PROBLEM TO SOLVE: From the first record to the last, write each one out again exactly.

Excerpts from a dataset
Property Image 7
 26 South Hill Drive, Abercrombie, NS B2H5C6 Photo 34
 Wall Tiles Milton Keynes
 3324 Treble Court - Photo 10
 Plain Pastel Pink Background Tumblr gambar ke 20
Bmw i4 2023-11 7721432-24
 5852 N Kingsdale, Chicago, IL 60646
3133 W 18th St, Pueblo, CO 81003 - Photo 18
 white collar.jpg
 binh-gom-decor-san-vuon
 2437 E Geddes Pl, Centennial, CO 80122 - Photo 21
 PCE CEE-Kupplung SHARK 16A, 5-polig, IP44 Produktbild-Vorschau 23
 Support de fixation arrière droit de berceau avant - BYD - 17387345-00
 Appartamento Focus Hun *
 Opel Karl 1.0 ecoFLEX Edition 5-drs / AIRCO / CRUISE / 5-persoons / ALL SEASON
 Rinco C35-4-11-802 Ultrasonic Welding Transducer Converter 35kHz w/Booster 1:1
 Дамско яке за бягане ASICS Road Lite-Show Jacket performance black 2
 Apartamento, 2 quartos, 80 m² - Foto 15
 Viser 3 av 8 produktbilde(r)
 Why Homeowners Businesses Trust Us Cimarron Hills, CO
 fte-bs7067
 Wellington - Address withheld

RESPONSE FOR THIS EXERCISE:
Property Image 7
 26 South Hill Drive, Abercrombie, NS B2H5C6 Photo 34
 Wall Tiles Milton Keynes
 3324 Treble Court - Photo 10
 Plain Pastel Pink Background Tumblr gambar ke 20
Bmw i4 2023-11 7721432-24
 5852 N Kingsdale, Chicago, IL 60646
3133 W 18th St, Pueblo, CO 81003 - Photo 18
 white collar.jpg
 binh-gom-decor-san-vuon
 2437 E Geddes Pl, Centennial, CO 80122 - Photo 21
 PCE CEE-Kupplung SHARK 16A, 5-polig, IP44 Produktbild-Vorschau 23
 Support de fixation arrière droit de berceau avant - BYD - 17387345-00
 Appartamento Focus Hun *
 Opel Karl 1.0 ecoFLEX Edition 5-drs / AIRCO / CRUISE / 5-persoons / ALL SEASON
 Rinco C35-4-11-802 Ultrasonic Welding Transducer Converter 35kHz w/Booster 1:1
 Дамско яке за бягане ASICS Road Lite-Show Jacket performance black 2
 Apartamento, 2 quartos, 80 m² - Foto 15
 Viser 3 av 8 produktbilde(r)
 Why Homeowners Businesses Trust Us Cimarron Hills, CO
 fte-bs7067
 Wellington - Address withheld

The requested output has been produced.